INTERLEUKIN-1-BETA INDUCES CYCLOOXYGENASE-2 IN CULTURED HUMAN DECIDUAL CELLS

PROBLEM: The purpose of this study was to examine the hypothesis that interleukin-1 beta (IL-1 beta)-elicited increases in decidual prostaglandin E(2) and F-2 alpha (PGE(2) and PGF(2 alpha)) biosynthesis are due to the de novo expression of the inducible isoform of cyclooxygenase (i.e., COX-2). METHOD: Primary human decidual cell cultures were established from term placentas delivered by cesarean section. After 8 days in vitro, when the cultures secreted immunoreactive prolactin, the cells were incubated for 24 h in serum-free medium, and then challenged with IL-1 beta from 1 to 48 h.
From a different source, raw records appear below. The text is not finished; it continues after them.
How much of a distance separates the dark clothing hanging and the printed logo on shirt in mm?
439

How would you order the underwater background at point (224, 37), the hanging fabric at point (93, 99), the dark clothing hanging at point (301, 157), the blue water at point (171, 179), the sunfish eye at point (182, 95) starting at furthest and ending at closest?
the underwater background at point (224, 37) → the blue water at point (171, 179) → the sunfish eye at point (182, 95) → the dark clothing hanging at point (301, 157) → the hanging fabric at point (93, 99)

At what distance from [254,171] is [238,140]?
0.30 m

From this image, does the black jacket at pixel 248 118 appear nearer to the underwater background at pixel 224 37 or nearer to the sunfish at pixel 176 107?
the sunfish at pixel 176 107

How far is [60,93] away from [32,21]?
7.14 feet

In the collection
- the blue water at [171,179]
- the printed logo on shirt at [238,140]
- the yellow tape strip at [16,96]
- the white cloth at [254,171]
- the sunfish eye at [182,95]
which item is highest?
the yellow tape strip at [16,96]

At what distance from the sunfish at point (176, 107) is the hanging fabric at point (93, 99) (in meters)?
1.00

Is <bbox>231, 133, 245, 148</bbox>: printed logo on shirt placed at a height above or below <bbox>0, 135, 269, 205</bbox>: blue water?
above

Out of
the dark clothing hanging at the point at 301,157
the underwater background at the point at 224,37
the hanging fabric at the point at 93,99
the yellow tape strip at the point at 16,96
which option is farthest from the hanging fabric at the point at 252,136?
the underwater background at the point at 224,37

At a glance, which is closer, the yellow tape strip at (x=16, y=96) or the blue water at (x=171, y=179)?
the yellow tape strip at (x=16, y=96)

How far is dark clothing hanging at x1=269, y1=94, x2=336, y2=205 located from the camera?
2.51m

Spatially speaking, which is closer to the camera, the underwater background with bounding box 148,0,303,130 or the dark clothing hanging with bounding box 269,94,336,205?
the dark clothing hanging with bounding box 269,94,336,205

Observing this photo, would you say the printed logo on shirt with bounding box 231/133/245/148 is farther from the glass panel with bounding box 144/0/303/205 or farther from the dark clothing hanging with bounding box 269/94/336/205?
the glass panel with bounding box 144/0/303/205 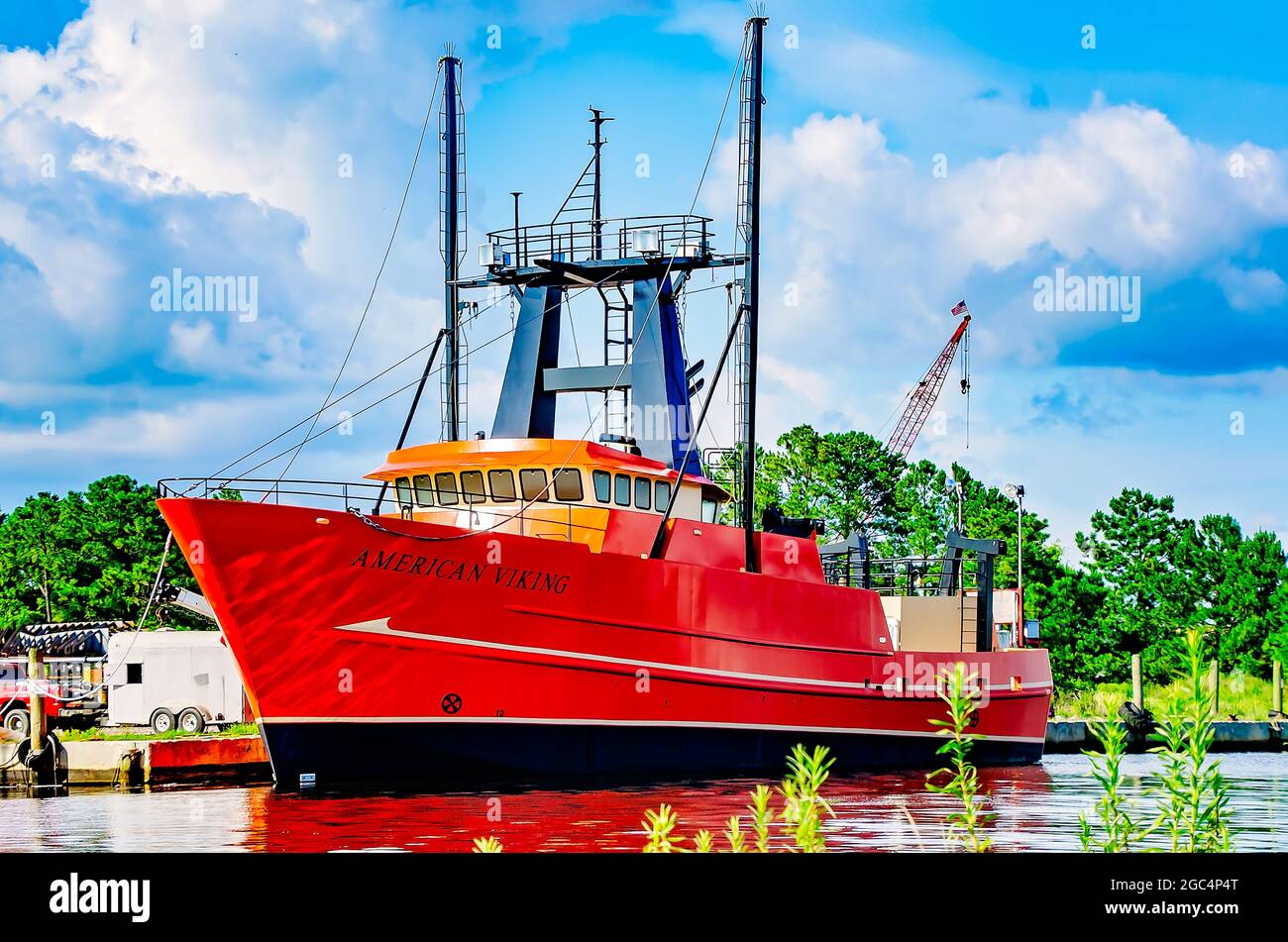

PGE(2) and PGF(2 alpha) content in the media were measured by specific radioimmunoassays. RESULTS: IL-1 beta stimulated a time-dependent enhancement in PGE(2) and PGF(2 alpha) production, with PGF(2 alpha) synthesis predominating over PGE(2). IL-1 beta also induced a dose-dependent increase in the output of both arachidonic acid metabolites. When Northern blots of IL-1 beta-treated and control cells were probed with cDNAs encoding either COX-1 or COX-2 isoforms or an oligonucleotide probe encoding a portion of the human beta-actin, we detected a time-and dose-dependent increase in the steady-state levels of COX-2, but not COX-1 or beta-actin mRNA transcripts. Moreover, the expression of COX-2 mRNA in IL-1 beta-stimulated cells was superinduced by preincubation with cycloheximide, but completely abolished by actinomycin D. CONCLUSIONS: Taken together, the data suggest that COX-2 mRNA expression is largely responsible for the robust increase in PG formation seen in IL-1 beta-treated decidual cells.